Exercise directions >> Would you copy, word for word, each line from the one with "European honey buzzard by Frajtgorski" to the end of the listing below, skipping all pictures?

(Information provided begins)

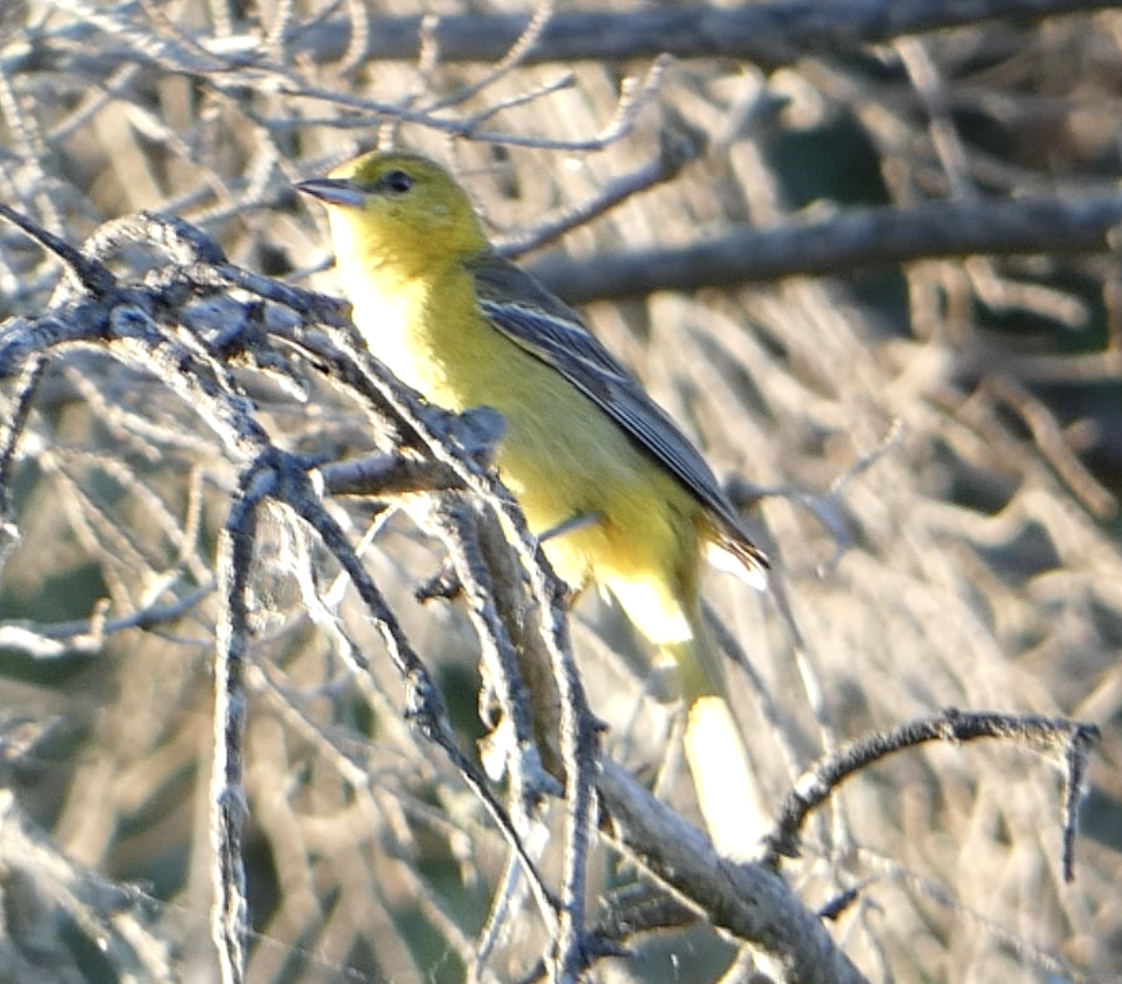 new world oriole sp. - ML620606489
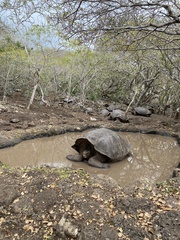 Chelonoidis niger chathamensis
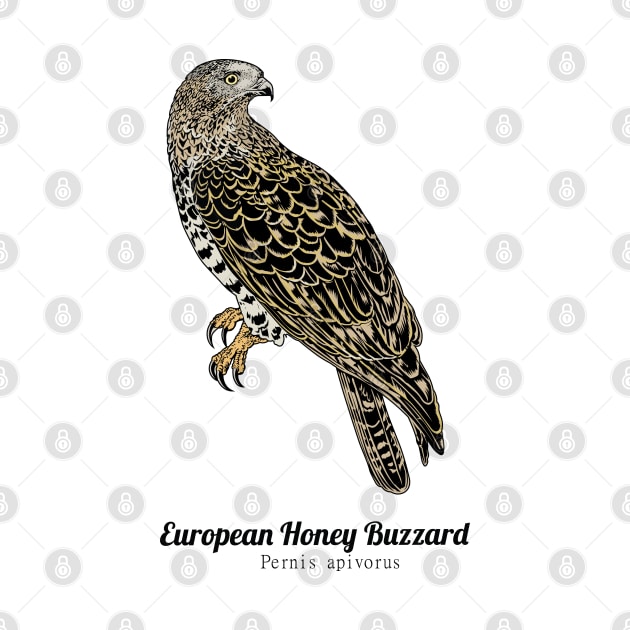 European honey buzzard by Frajtgorski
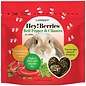 LAFEBER COMPANY Lafeber Company Hey! Berries Rabbit Treats Bell Pepper & Cilantro 5 oz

(Information provided ends)

Your response >>
 European honey buzzard by Frajtgorski
 LAFEBER COMPANY Lafeber Company Hey! Berries Rabbit Treats Bell Pepper & Cilantro 5 oz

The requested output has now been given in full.